33331,b'24',b'717',1
33330,b'24',b'715',1
33329,b'24',b'706',1
33328,b'24',b'70',1


# Retrieval

In [37]:
ratings_raw.element_spec

{'bucketized_user_age': TensorSpec(shape=(), dtype=tf.float32, name=None),
 'movie_genres': TensorSpec(shape=(None,), dtype=tf.int64, name=None),
 'movie_id': TensorSpec(shape=(), dtype=tf.string, name=None),
 'movie_title': TensorSpec(shape=(), dtype=tf.string, name=None),
 'raw_user_age': TensorSpec(shape=(), dtype=tf.float32, name=None),
 'timestamp': TensorSpec(shape=(), dtype=tf.int64, name=None),
 'user_gender': TensorSpec(shape=(), dtype=tf.bool, name=None),
 'user_id': TensorSpec(shape=(), dtype=tf.string, name=None),
 'user_occupation_label': TensorSpec(shape=(), dtype=tf.int64, name=None),
 'user_occupation_text': TensorSpec(shape=(), dtype=tf.string, name=None),
 'user_rating': TensorSpec(shape=(), dtype=tf.float32, name=None),
 'user_zip_code': TensorSpec(shape=(), dtype=tf.string, name=None)}

In [2]:

ratings = ratings_raw.map(
    lambda x: {"movie_title": x["movie_title"], "user_id": x["user_id"],}
)
movies = movies_raw.map(lambda x: x["movie_title"])

tf.random.set_seed(42)
shuffled = ratings.shuffle(100_000, seed=42, reshuffle_each_iteration=False)

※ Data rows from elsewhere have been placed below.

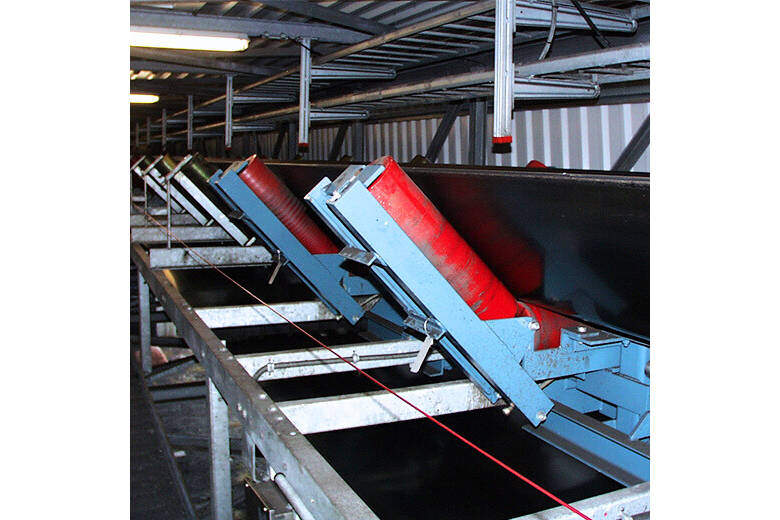 Robuste und zuverlässige Förderbandwaage von Jesma Weighing Solutions  Jesma stellt unsere robuste und zuverlässige Lösung für Förderbandwaagen vor, die sorgfältig entwickelt wurde, um unübertroffene Genauigkeit, Haltbarkeit und Anpassungsfähigkeit in verschiedenen Betriebsumgebungen zu bieten.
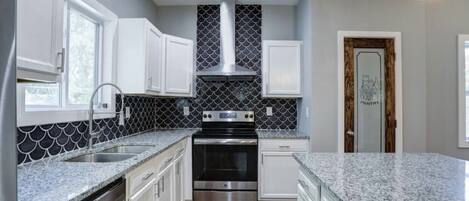 Køleskab, mikrobølgeovn, ovn, kogeplade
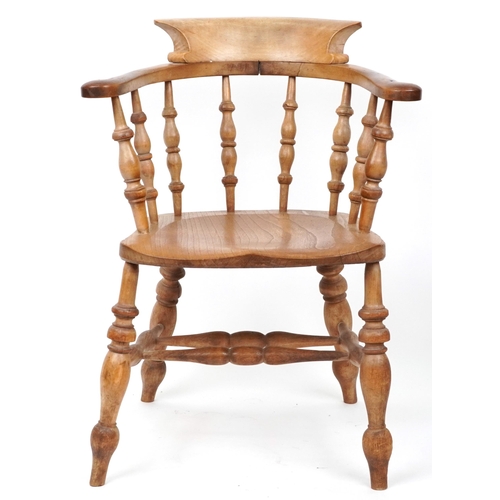 1082 - Hardwood smoker's bow chair, 83cm high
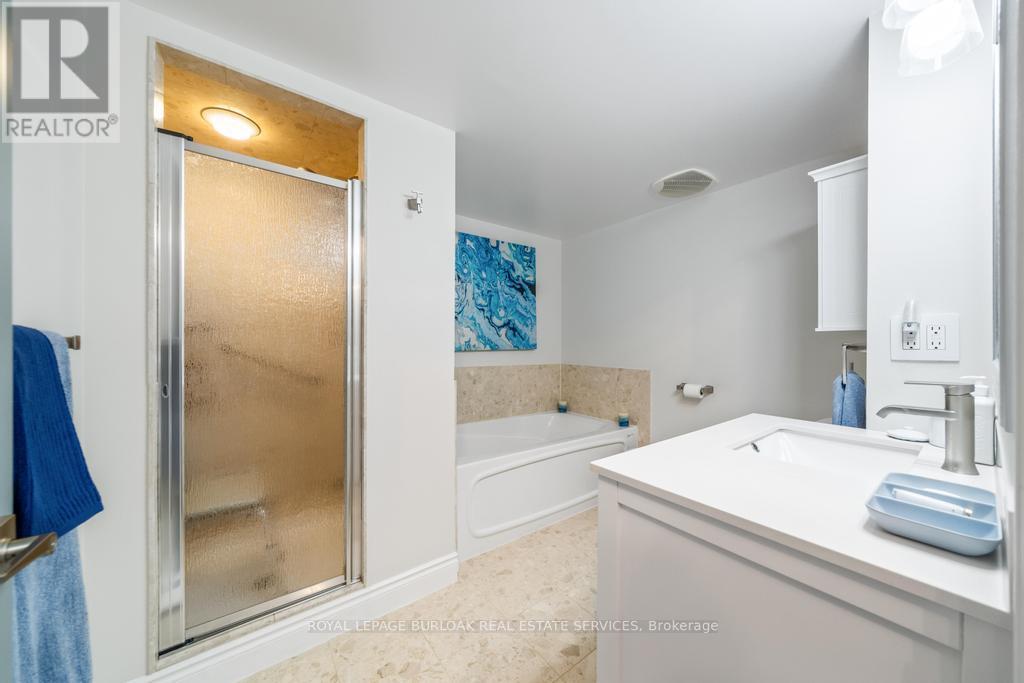 1101 - 442 Maple Avenue, Burlington, Ontario  L9H 1T4 - Photo 12 - W12440037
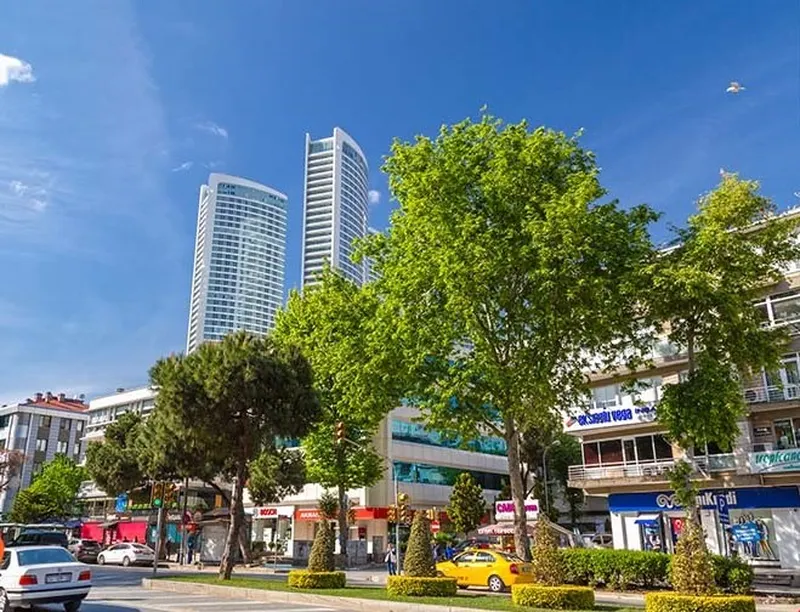 Bagdad street istanbul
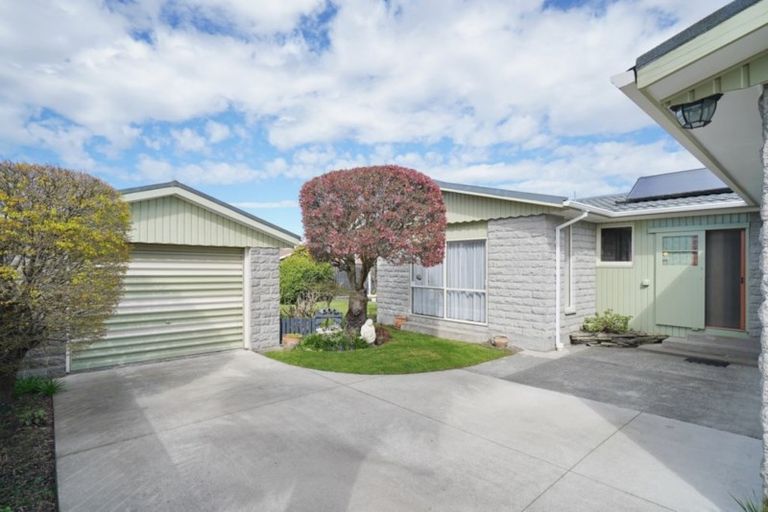 Photo of property in 5 Blairdon Place, Bishopdale, Christchurch, 8053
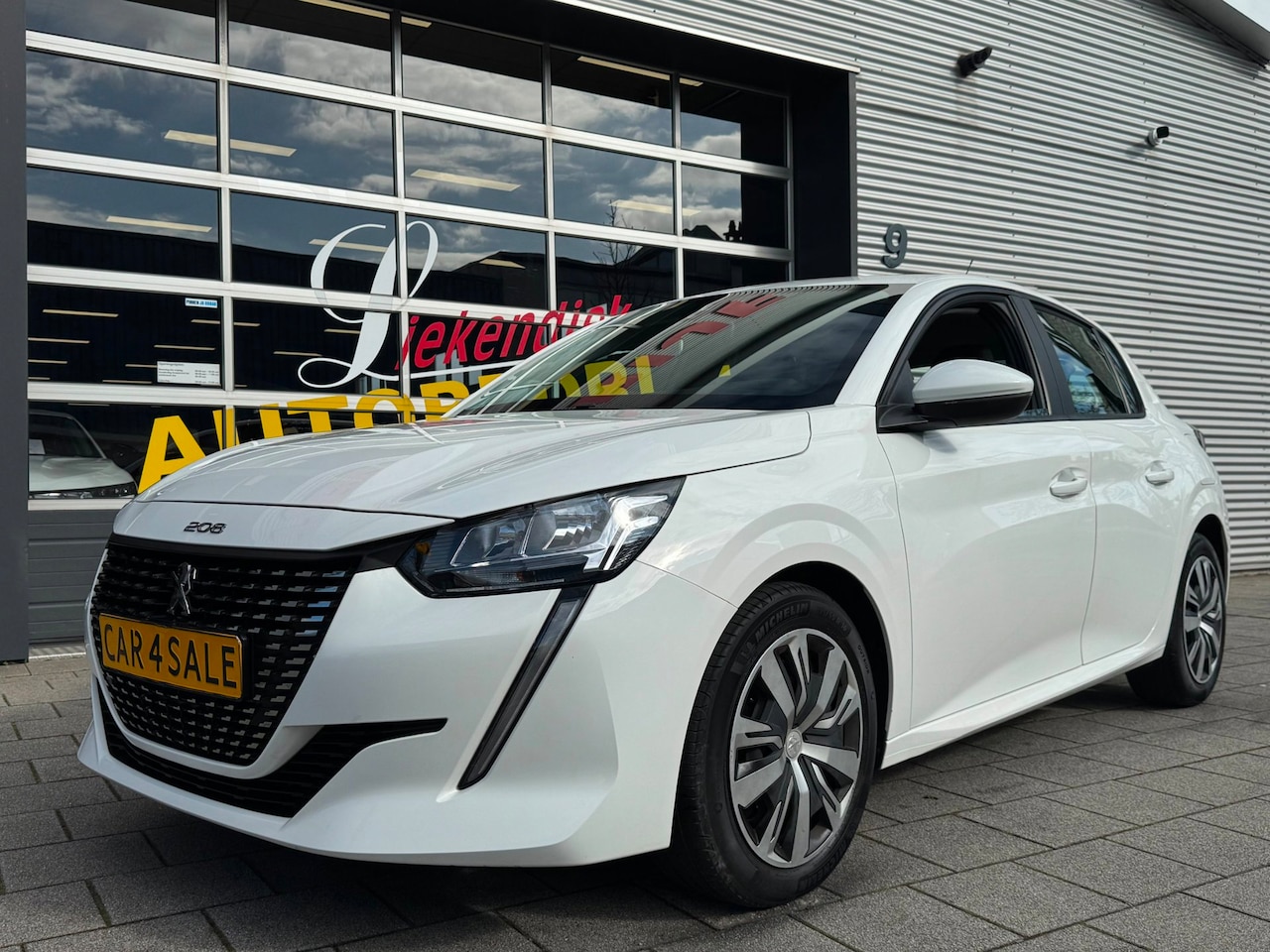 Peugeot 208 - 1.2 PureTech Active Pack - 45.000 KM - Apple CarPlay / Navigatie I Airco I LED I PDC I Dea - AutoWereld.nl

train = shuffled.take(80_000)
test = shuffled.skip(80_000).take(20_000)


movie_titles = movies.batch(1_000)
user_ids = ratings.batch(1_000_000).map(lambda x: x["user_id"])

unique_movie_titles = np.unique(np.concatenate(list(movie_titles)))
unique_user_ids = np.unique(np.concatenate(list(user_ids)))

print("number of unique titles: ", len(unique_movie_titles))
print("number of unique users: ", len(unique_user_ids))

# look at top 10
unique_user_ids[:10]



number of unique titles:  1664
number of unique users:  943


array([b'1', b'10', b'100', b'101', b'102', b'103', b'104', b'105',
       b'106', b'107'], dtype=object)

In [5]:
#where someone has engage, get users ids and content ids -> unique user ids

#get all content ids -> content

embedding_dimension = 32
user_model = tf.keras.Sequential(
    [
        tf.keras.layers.StringLookup(vocabulary=unique_user_ids, mask_token=None),
        # We add an additional embedding to account for unknown tokens.
        tf.keras.layers.Embedding(len(unique_user_ids) + 1, embedding_dimension),
    ]
)

movie_model = tf.keras.Sequential(
    [
        tf.keras.layers.StringLookup(vocabulary=unique_movie_titles, mask_token=None),
        tf.keras.layers.Embedding(len(unique_movie_titles) + 1, embedding_dimension),
    ]
)

metrics = tfrs.metrics.FactorizedTopK(candidates=movies.batch(128).map(movie_model))

task = tfrs.tasks.Retrieval(metrics=metrics)

In [12]:
class MovielensModel(tfrs.Model):
    def __init__(self, user_model, movie_model):
        super().__init__()
        self.movie_model: tf.keras.Model = movie_model
        self.user_model: tf.keras.Model = user_model
        self.task: tf.keras.layers.Layer = task

    def compute_loss(
        self, features: Dict[Text, tf.Tensor], training=False
    ) -> tf.Tensor:
        # We pick out the user features and pass them into the user model.
        print('features: ', features)
        user_embeddings = self.user_model(features["user_id"])
        # And pick out the movie features and pass them into the movie model,
        # getting embeddings back.
        positive_movie_embeddings = self.movie_model(features["movie_title"])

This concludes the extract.